#### Record extracts:
==============================

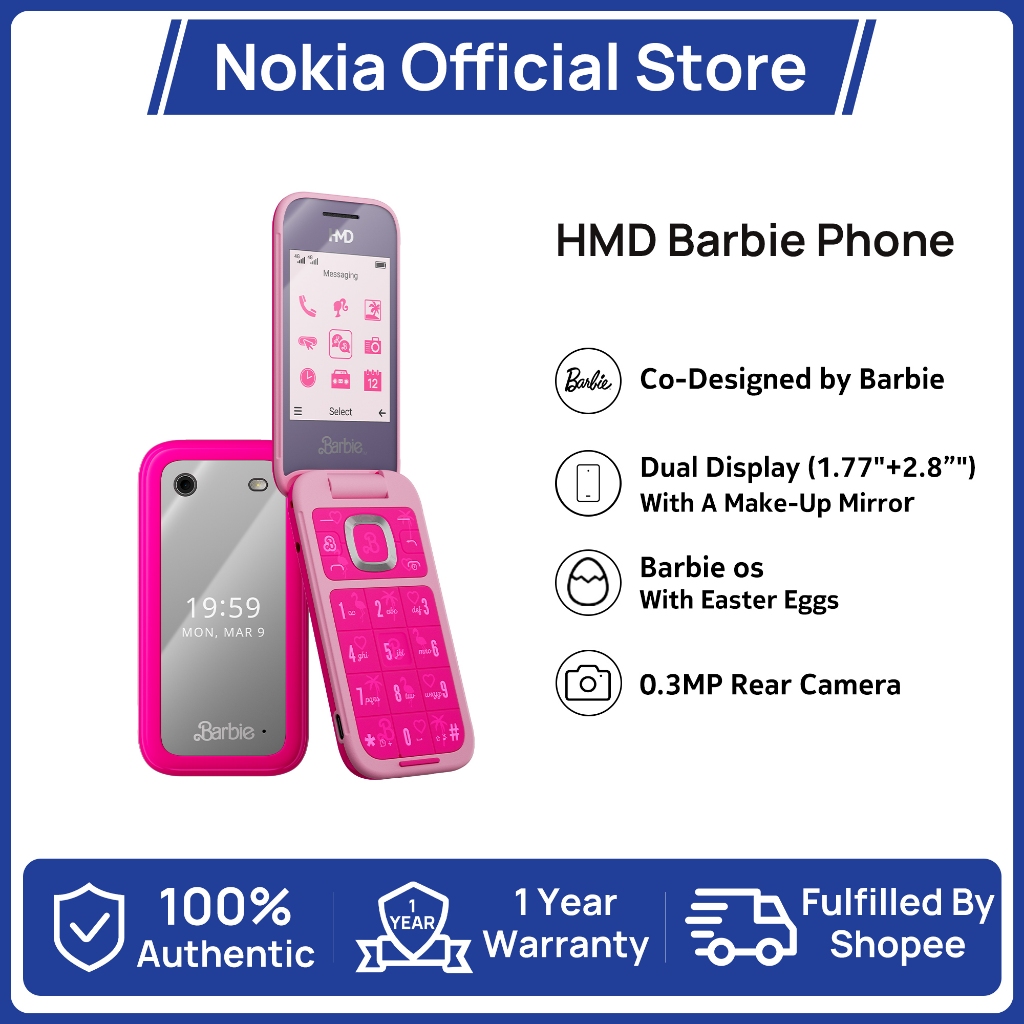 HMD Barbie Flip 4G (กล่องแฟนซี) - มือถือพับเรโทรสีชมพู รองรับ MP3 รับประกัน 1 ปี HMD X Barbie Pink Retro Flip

==============================

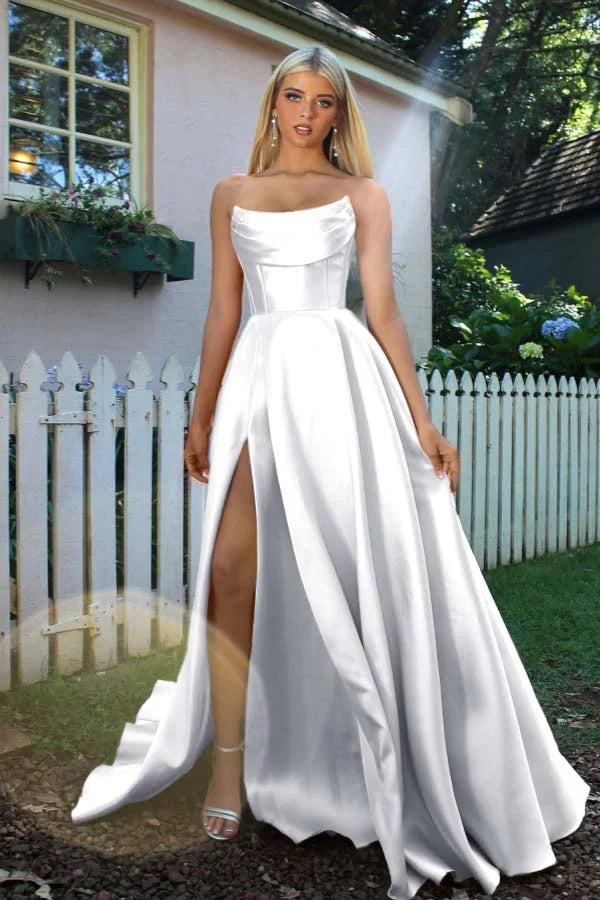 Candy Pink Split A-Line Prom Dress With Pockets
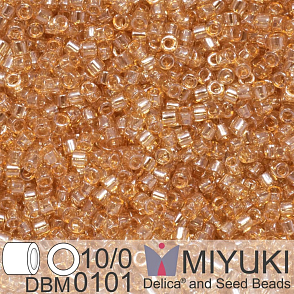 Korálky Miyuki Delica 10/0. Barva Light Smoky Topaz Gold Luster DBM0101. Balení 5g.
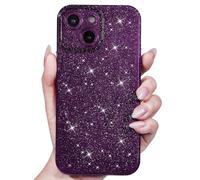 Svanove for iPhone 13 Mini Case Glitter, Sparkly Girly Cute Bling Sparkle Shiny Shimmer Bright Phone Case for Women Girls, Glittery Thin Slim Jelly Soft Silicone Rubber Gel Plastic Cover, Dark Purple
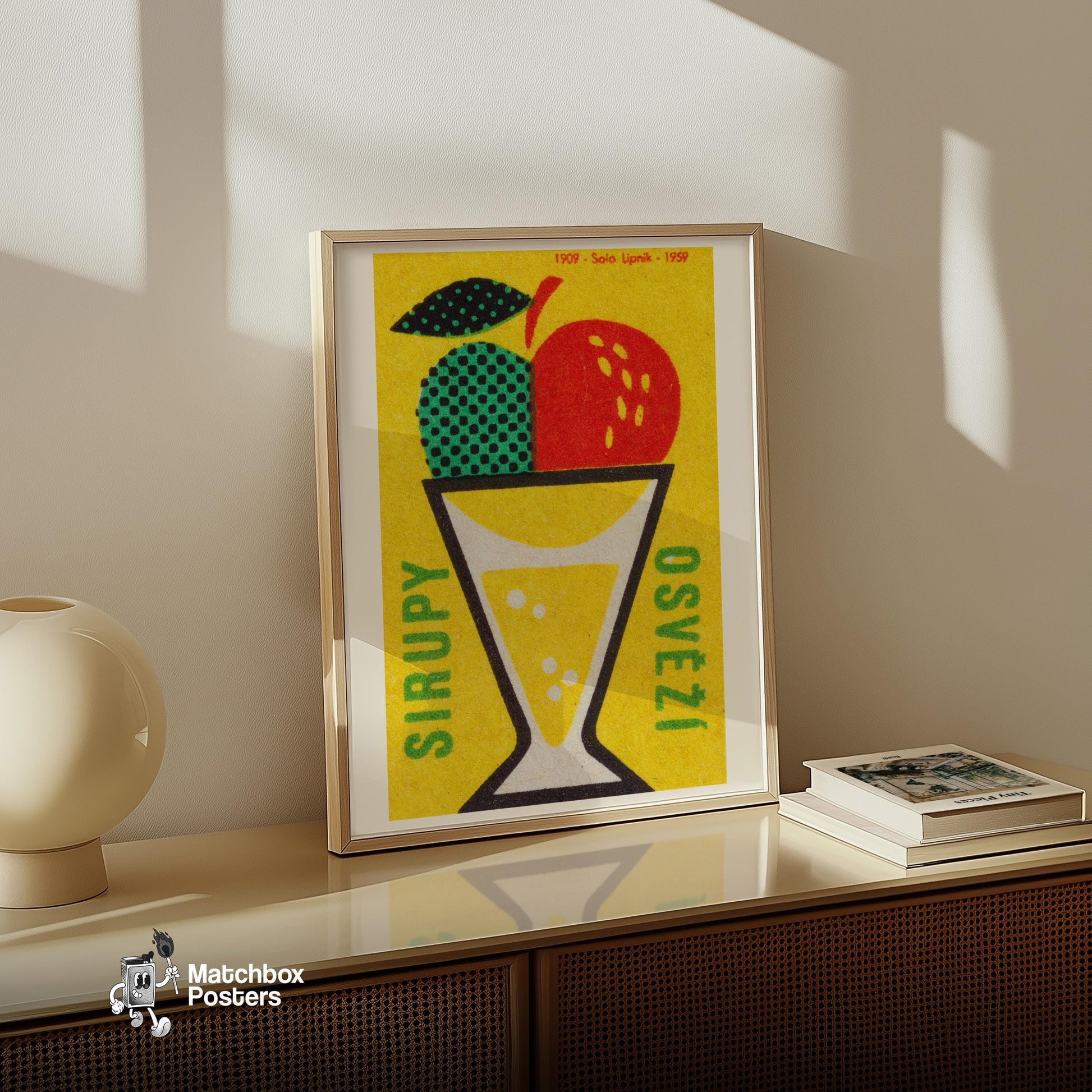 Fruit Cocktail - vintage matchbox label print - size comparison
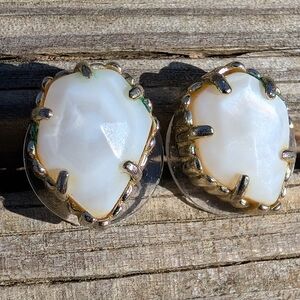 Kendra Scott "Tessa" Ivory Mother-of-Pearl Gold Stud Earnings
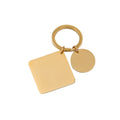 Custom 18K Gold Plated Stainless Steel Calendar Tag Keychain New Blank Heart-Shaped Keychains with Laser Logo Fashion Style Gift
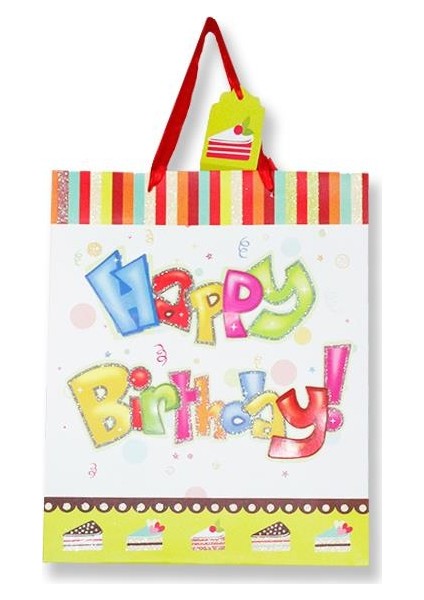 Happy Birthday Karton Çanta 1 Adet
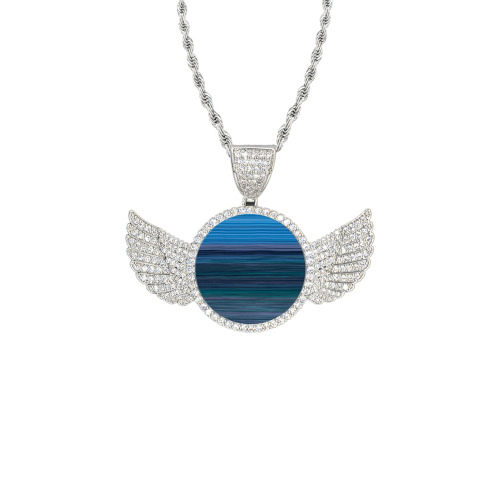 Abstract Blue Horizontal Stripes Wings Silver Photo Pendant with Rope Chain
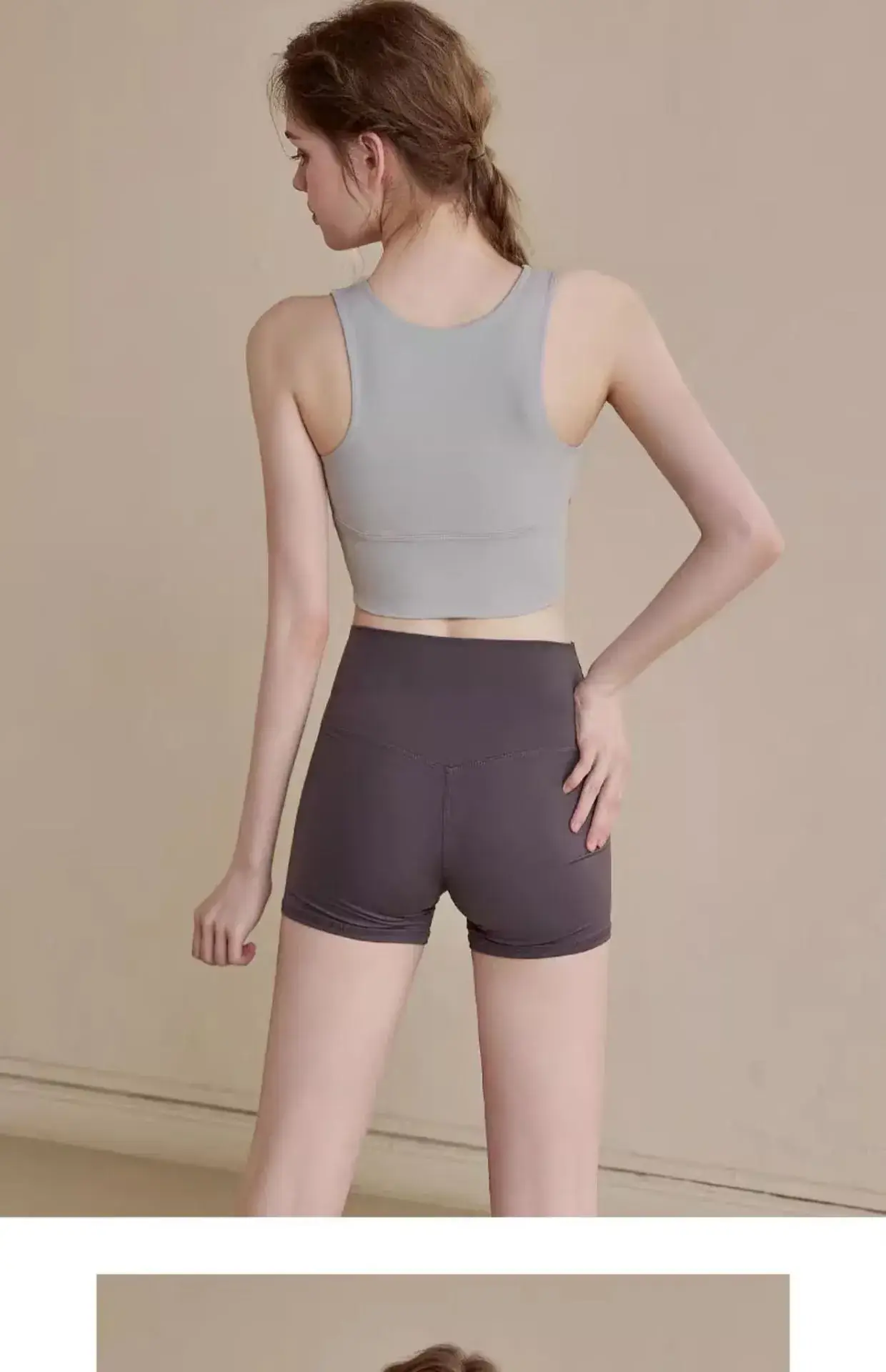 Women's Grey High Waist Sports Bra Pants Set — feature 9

==============================

Output exactly the lines of the listing above that start with the one holding "Candy Pink Split" and go on through the one holding "Happy Birthday Karton Çanta 1 Adet"; leave the pictures out.

 Candy Pink Split A-Line Prom Dress With Pockets
 Korálky Miyuki Delica 10/0. Barva Light Smoky Topaz Gold Luster DBM0101. Balení 5g.
 Svanove for iPhone 13 Mini Case Glitter, Sparkly Girly Cute Bling Sparkle Shiny Shimmer Bright Phone Case for Women Girls, Glittery Thin Slim Jelly Soft Silicone Rubber Gel Plastic Cover, Dark Purple
 Fruit Cocktail - vintage matchbox label print - size comparison
 Kendra Scott "Tessa" Ivory Mother-of-Pearl Gold Stud Earnings
 Custom 18K Gold Plated Stainless Steel Calendar Tag Keychain New Blank Heart-Shaped Keychains with Laser Logo Fashion Style Gift
 Happy Birthday Karton Çanta 1 Adet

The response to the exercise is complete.